**WHAT THE TASK ASKS:**
Copy word for word the lines in the records below, starting at the line with "New York Rangers" and ending at the line with "HIGHLANDER - Men". Skip the pictures.

**Dataset items:**
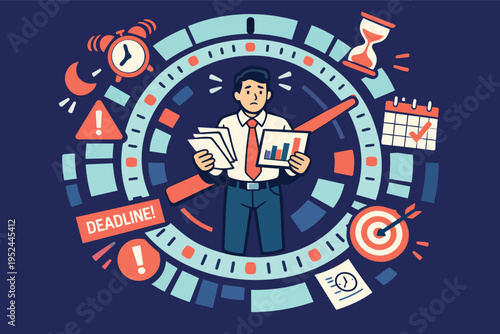 Stressed businessman managing multiple tasks and facing a deadline, working under pressure with time running out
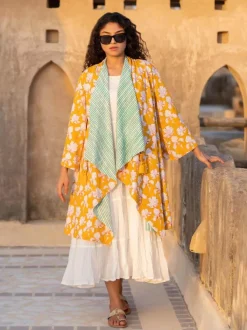 Rahi Block Printed Waterfall Reversible Shrug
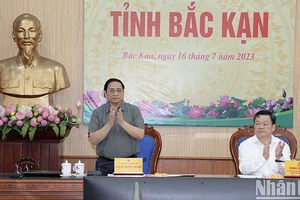 Thủ tướng Phạm Minh Chính chủ trì buổi làm việc với Ban Thường vụ Tỉnh ủy Bắc Kạn. (Ảnh: Thanh Giang)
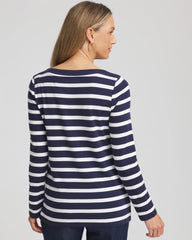 Chico's For Sale Passport Blue Stretch Cotton Boatneck Tunic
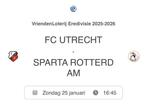 2 kaartjes fc Utrecht - Sparta Rotterdam rij 3 naast elkaar, Tickets en Kaartjes, Losse kaart, Twee personen, Januari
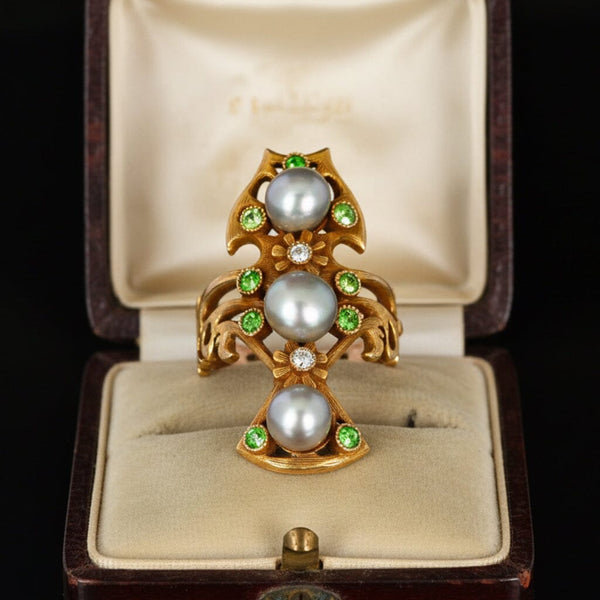 Antique Art Nouveau Pearl Demantoid Garnet Diamond Ring 14K Gold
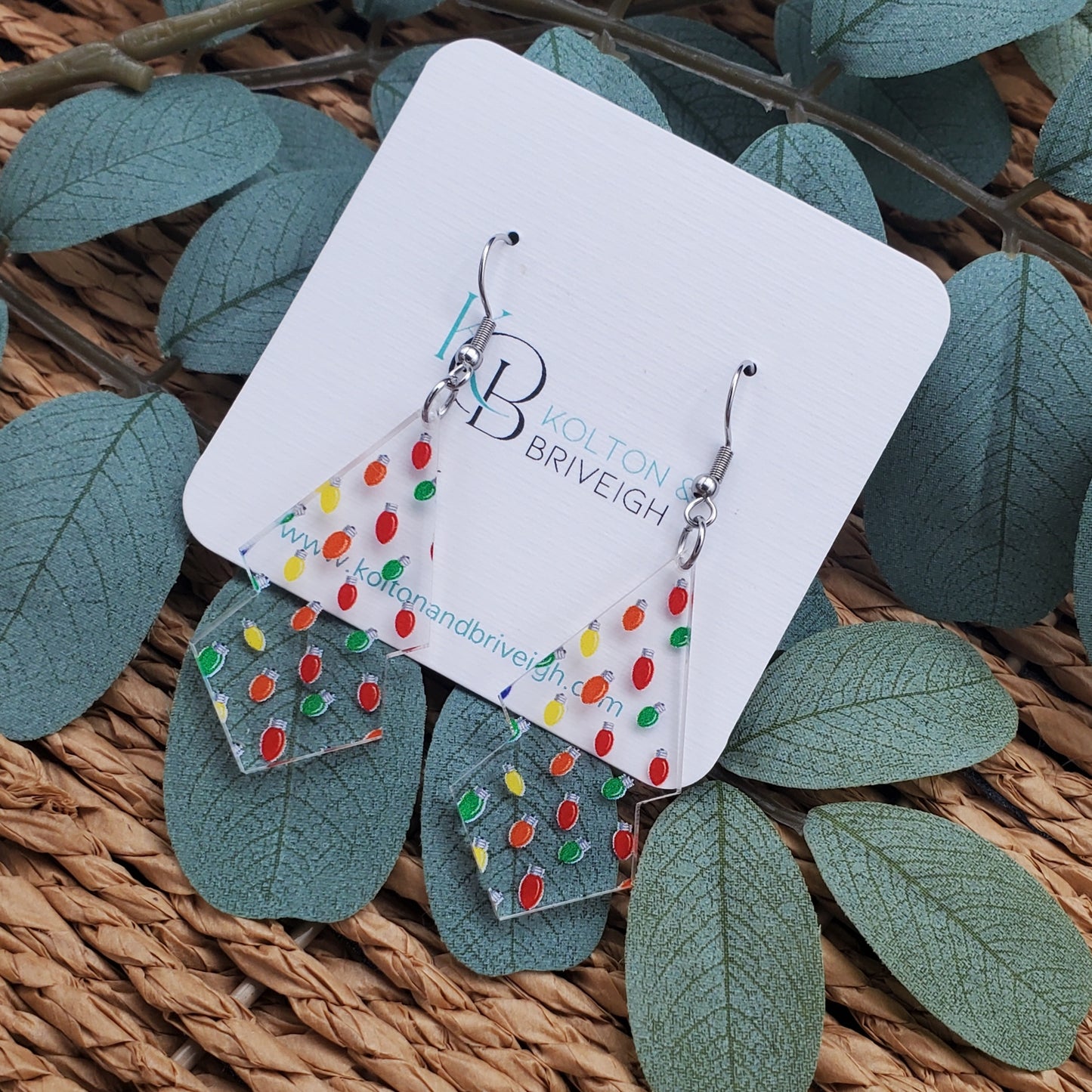 Christmas Lights Long Double Kite Earrings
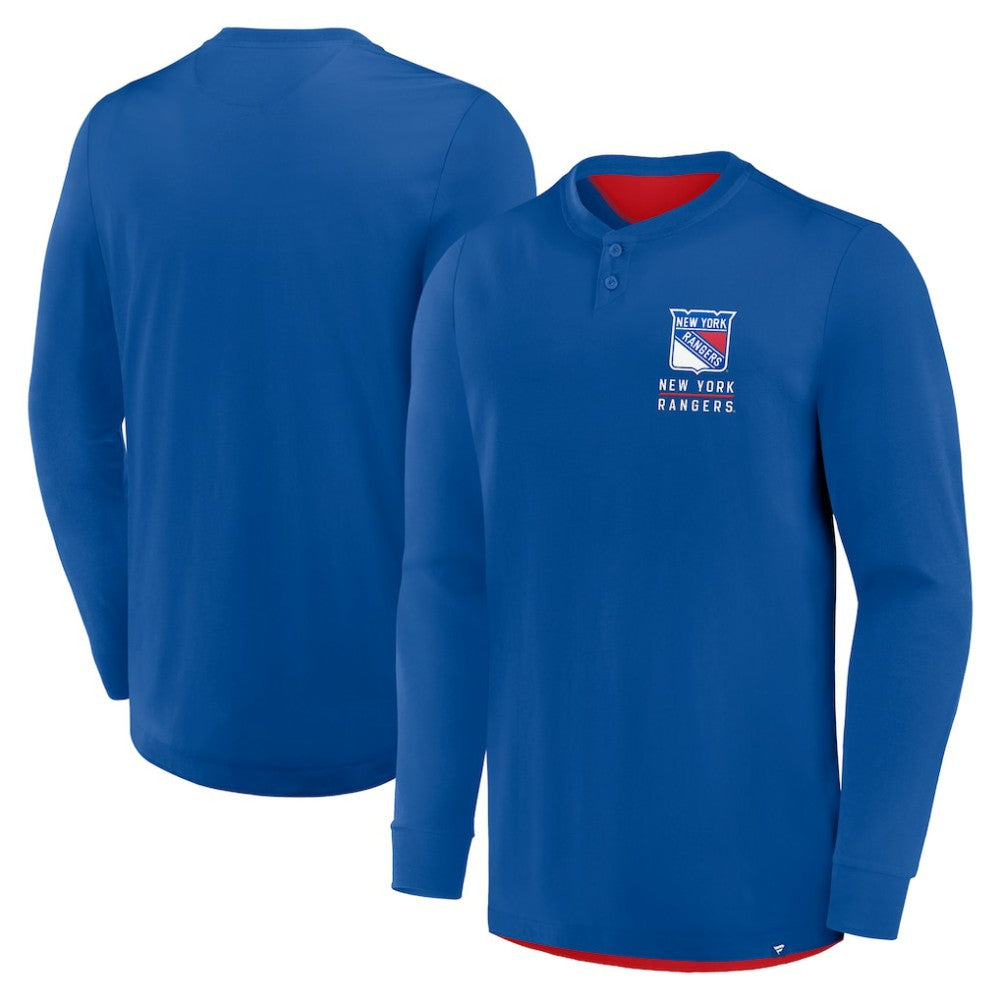 New York Rangers Fanatics Adrenaline Push Long Sleeve Henley Shirt - Blue - NHL 201742876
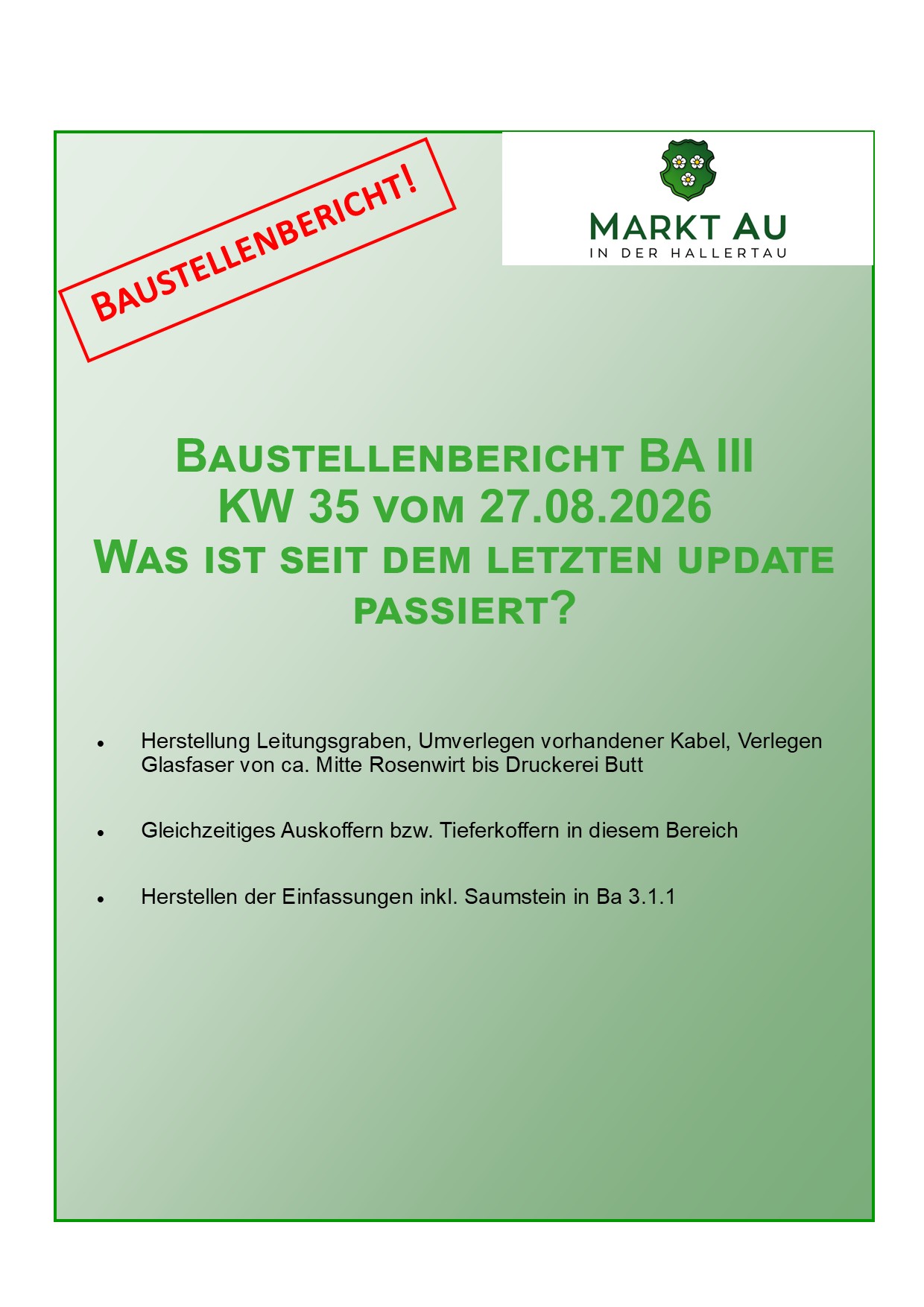 Baustellenbericht BA III KW 35 vom 27.08.2026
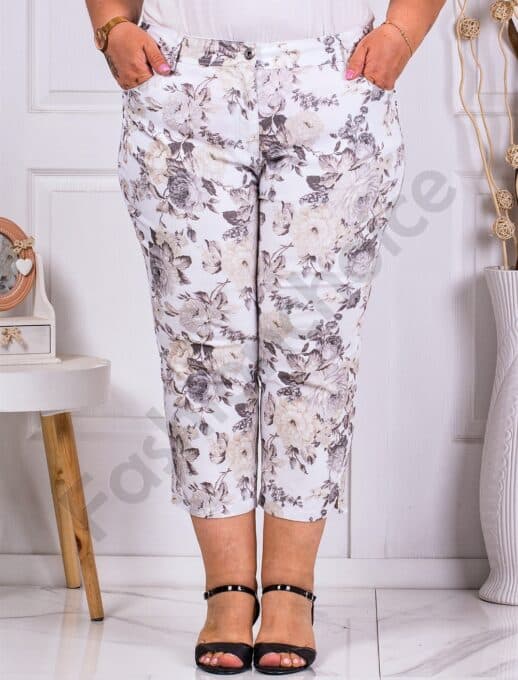 Plus size φλοράλ κάπρι παντελόνι-μπεζ-κωδ 231308-4
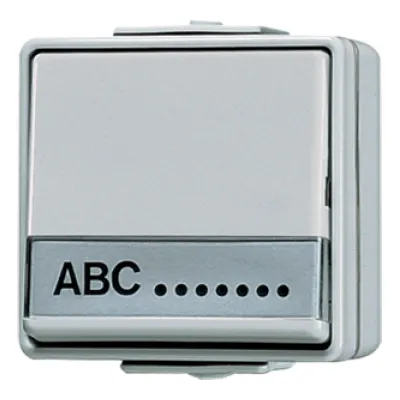 JUNG Wippschalter 606NAW Universal Aus-Wechsel | Wechselschalter | Aufputz IP44 | LED beleuchtet | Schriftfeld | grau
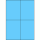 Premium Papier-Etiketten. 105x148 mm, Blau, 200 Etiketten, 50 Blatt A4 / Pack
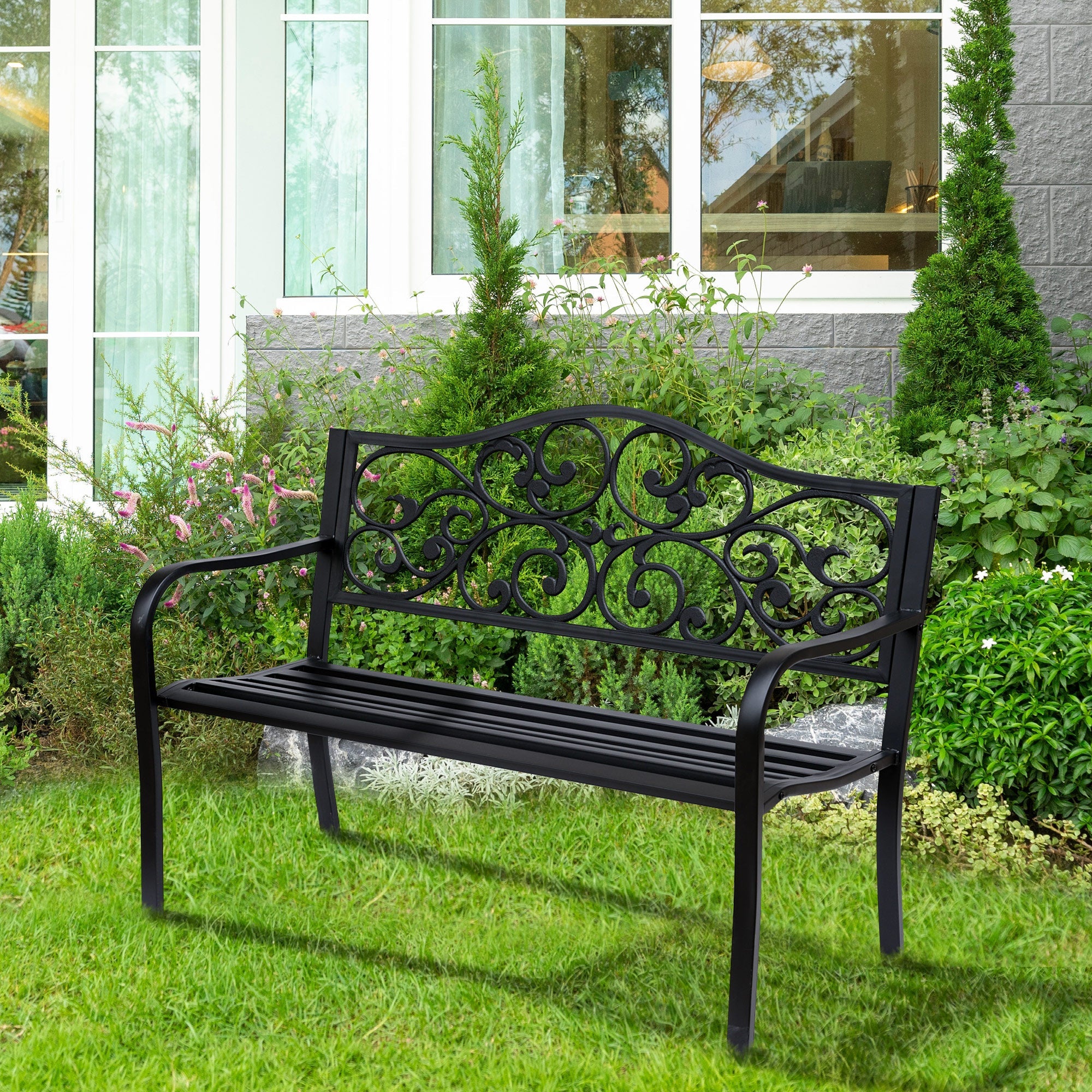 Garden Bench 3-Seater Steel with Cast Iron Armrests, Black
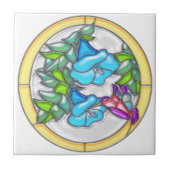 朝顔およびハチドリのステンドグラス タイル (正面)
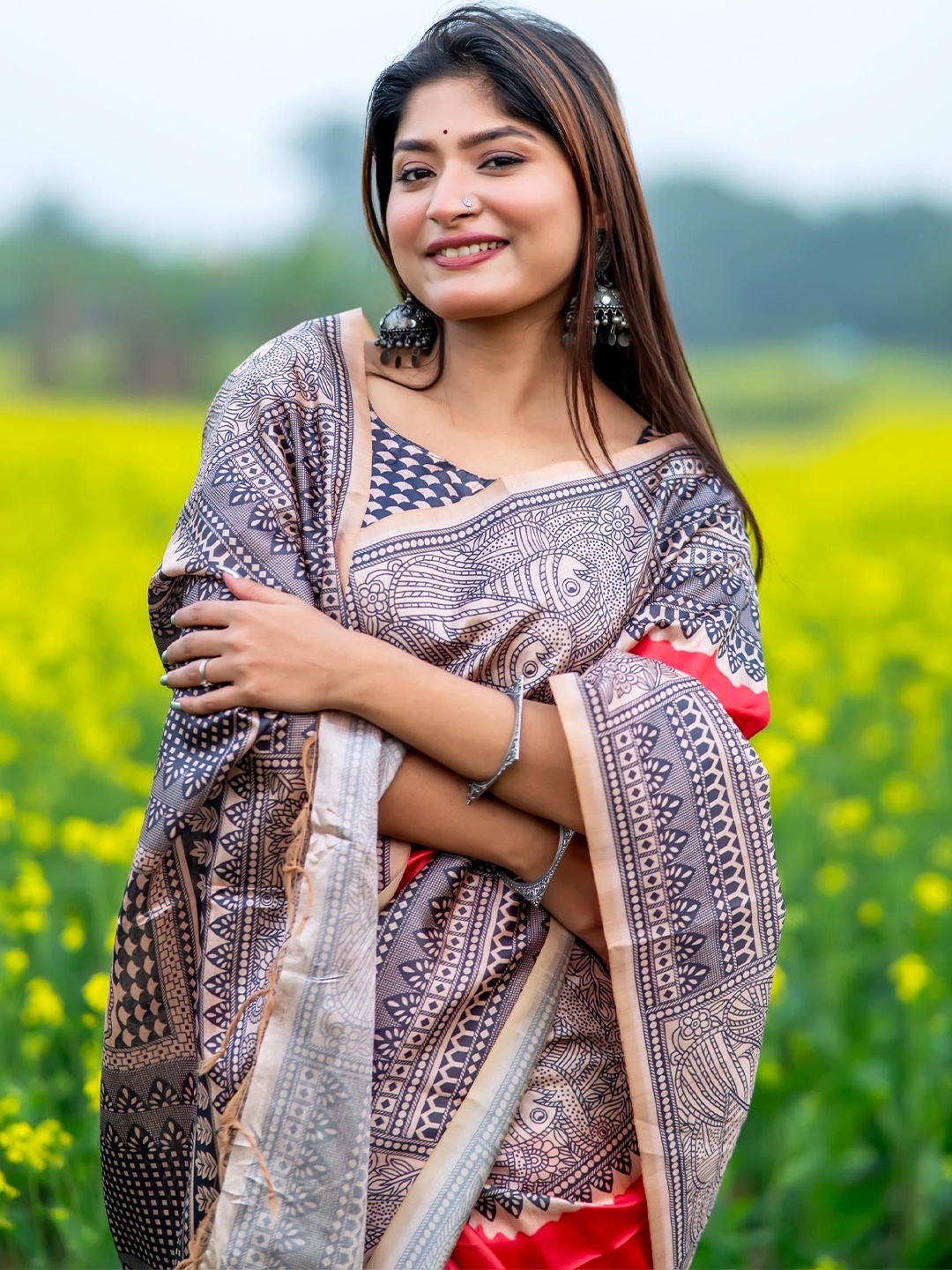 

Kandora Madhubani Print Pure Silk Tussar Saree, Red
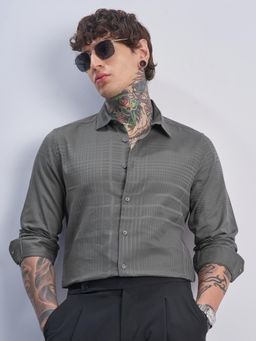 HIGHLANDER - Men Grey Premium Satin Jacquard Occasion Slim Fit Shirt2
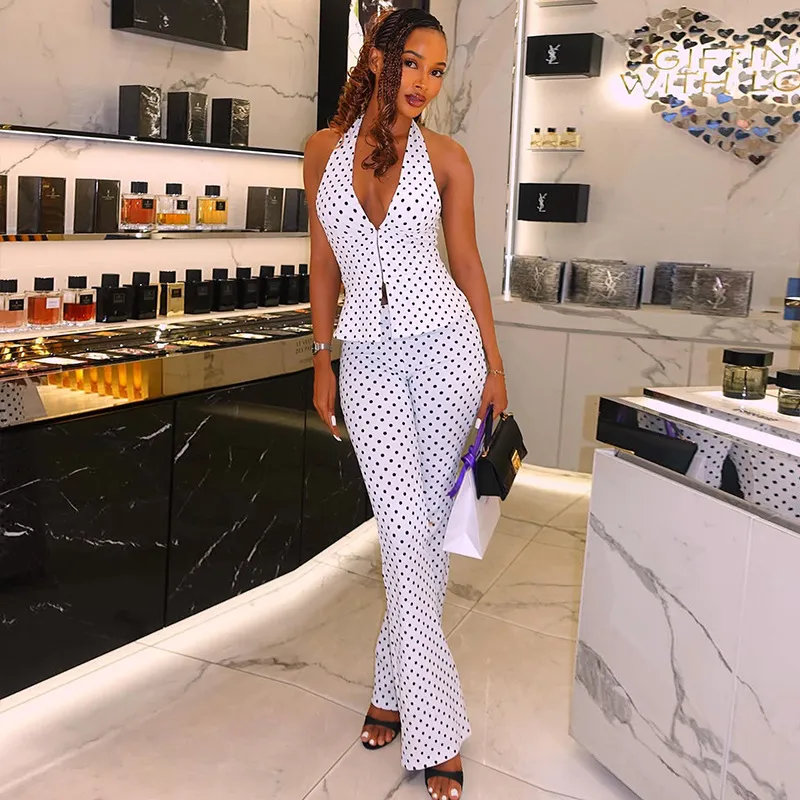 Women Fashion Casual Polka Dot Print V-Neck Halter-Neck Backless Top Slim-Fit Pants Two-Piece Set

**RESULT BELOW:**
 New York Rangers Fanatics Adrenaline Push Long Sleeve Henley Shirt - Blue - NHL 201742876
 Baustellenbericht BA III KW 35 vom 27.08.2026
 Plus size φλοράλ κάπρι παντελόνι-μπεζ-κωδ 231308-4
 JUNG Wippschalter 606NAW Universal Aus-Wechsel | Wechselschalter | Aufputz IP44 | LED beleuchtet | Schriftfeld | grau
 Premium Papier-Etiketten. 105x148 mm, Blau, 200 Etiketten, 50 Blatt A4 / Pack
 Garden Bench 3-Seater Steel with Cast Iron Armrests, Black
 朝顔およびハチドリのステンドグラス タイル (正面)

Kandora Madhubani Print Pure Silk Tussar Saree, Red
 HIGHLANDER - Men Grey Premium Satin Jacquard Occasion Slim Fit Shirt2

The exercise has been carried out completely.